While Festicket has put in place new offerings to mitigate the impact of the coronavirus on its customers, it has also had to change the way its network of offices around the world operate on a faily basis.

Until recently, this involved a very thorough approach to transmission prevention while employees continued to come into the office.

“Our HR team has been really on the ball with communicating best practice and government advice, including everything from personal hygiene to travel warnings for certain locations to implementing safety precautions after travelling back from high-risk areas. Whilst in the office we had loads of extra soap in bathrooms and hand gel on desks,” says Sabban.

“We also were operating a zero-sick policy in our offices meaning anyone showing any signs of illness such as a cough or runny nose were encouraged to work from home and self-isolate.”

However, on 17 March Festicket took the decision to close its physical offices to avoid coronavirus transmission, with its employees working from home “until further notice”.

“We’ve done this as a precautionary measure and spent the last couple of weeks planning out additional processes and initiatives to keep everybody motivated.”

This decision, however, is made easier by the fact that Festicket is, according to Sabban, “a tech-focussed company”.

“We’re well equipped in terms of video calling and other communication channels, which will enable the company to continue to function fairly normally as we work from home.”

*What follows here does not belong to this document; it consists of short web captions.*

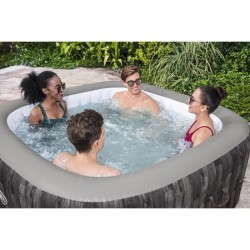 Spa gonflable BESTWAY Lay-Z-Spa Majorca - 180 x 180 x 71 cm - 4 a 6 places - Carré (Avec couverture, pompe, cartouche et diffus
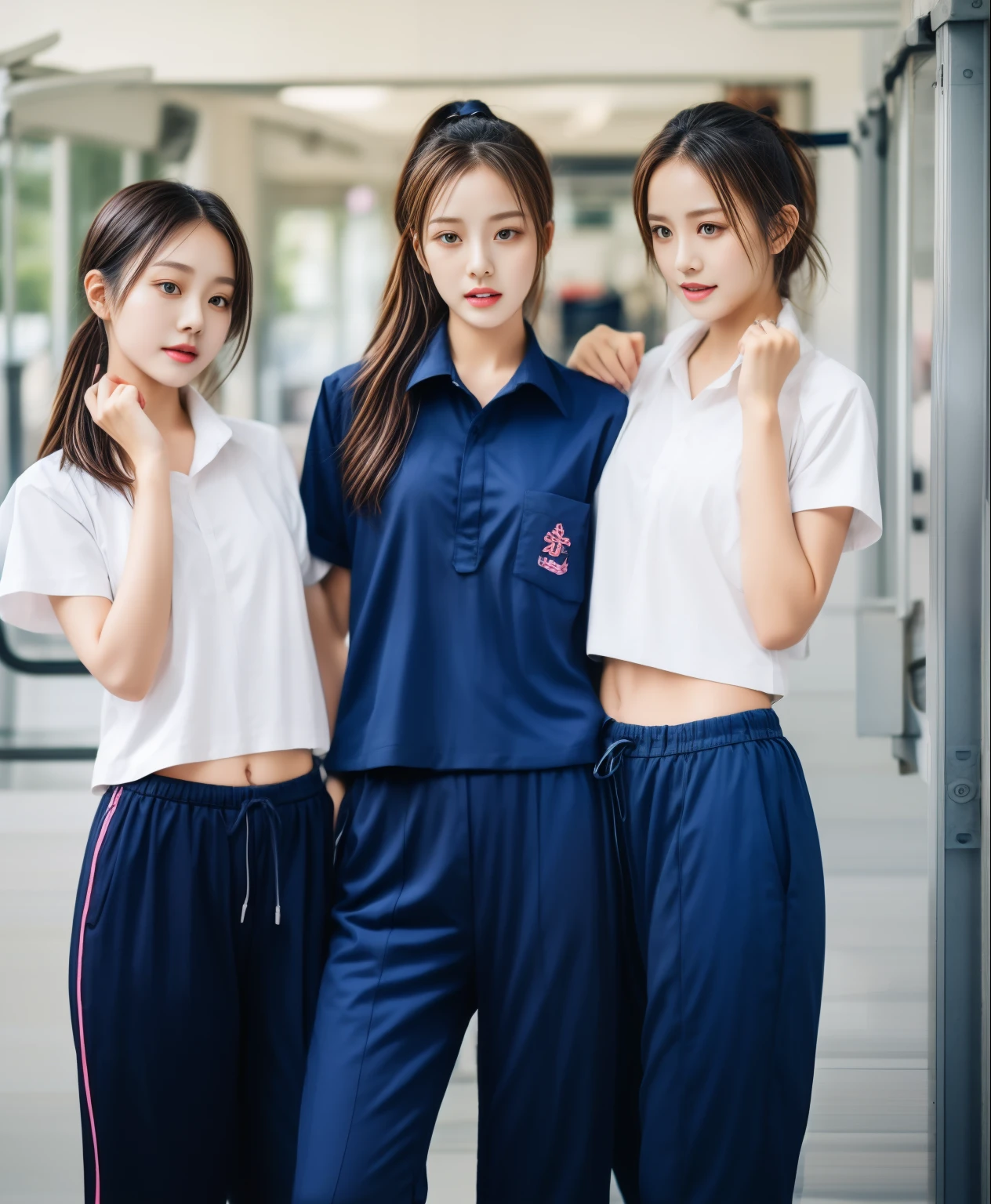 3 girls in fitness center, Navy blue short-sleeved shirt,Navy Long Trackpant,Sweatpants, Sweatpantsขายาว,25 year old girl, lesbian, sexy, exercise clothes, wet body, exercise clothes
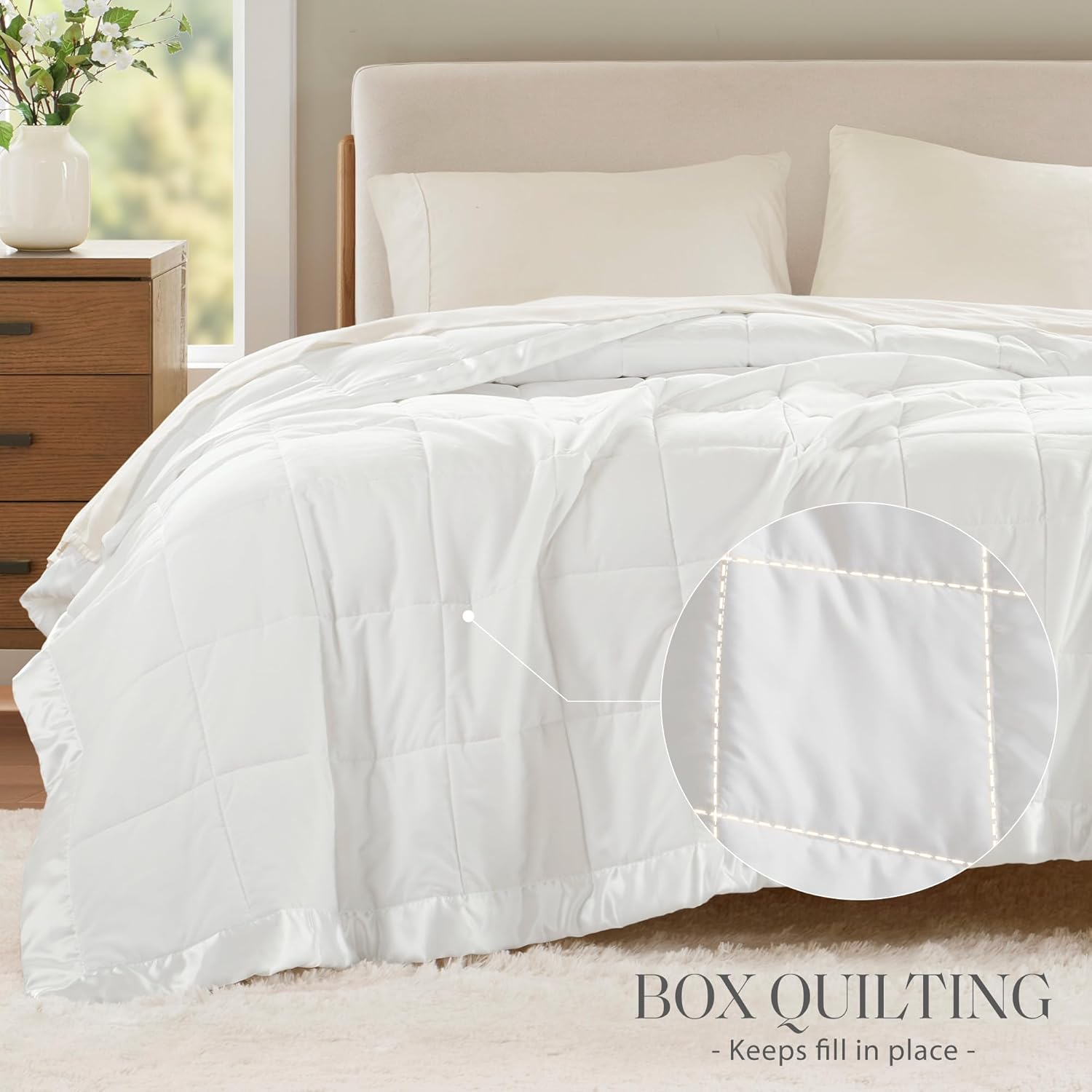 Lightweight Down Alternative Blanket with Moisture-Wicking – All Season Bed Cover with Satin Trim
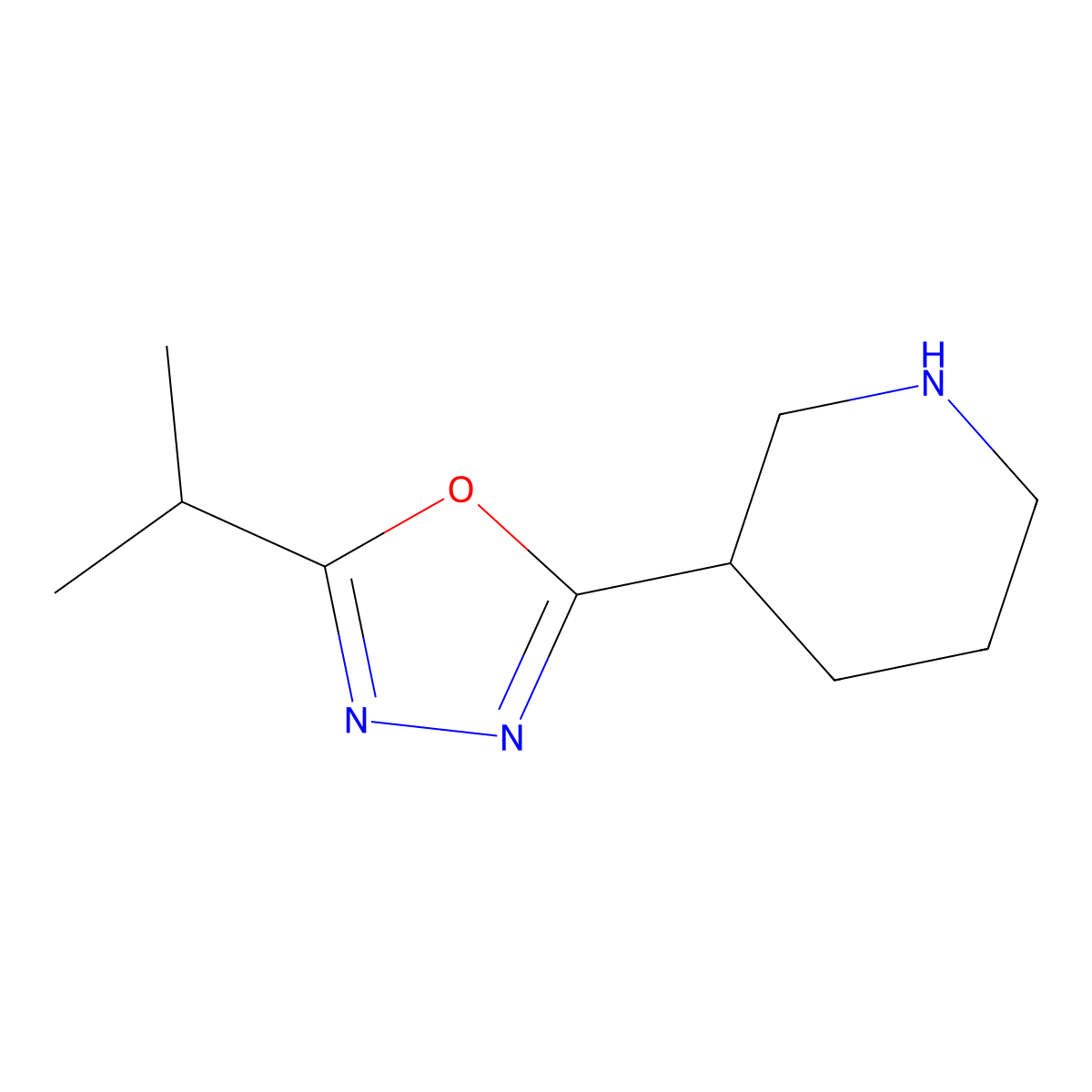 3-[5-(Propan-2-yl)-1,3,4-oxadiazol-2-yl]piperidine molecular structure, CAS 1368952-50-4
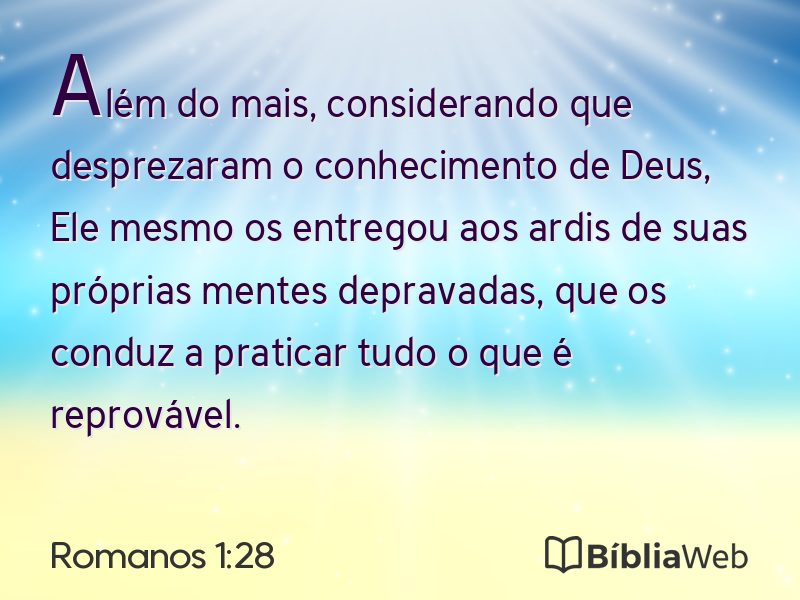 Romanos 1:28 em imagem para compartilhar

Encouraging interdepartmental support

While some companies are seeing the coronavirus force adoption of new technologies, Sabban hopes to see it instead produce better support and collaboration between departments, as teams pull together to support each other.

“At present we’re asking all staff members to be flexible with their responsibilities. Some departments are facing much greater workloads, such as customer service needing to give clarity around bookings, account managers needing an increased level of communication with clients and festival organisers,” he says.

“Others are seeing a decrease in their workload so we’re mobilizing as a company to support those departments coming under additional strain by adding extra resources in the short term where necessary.

“We see this situation continuing as long as is needed, and we hope it will encourage a greater level of interdepartmental cooperation when things return to normal.”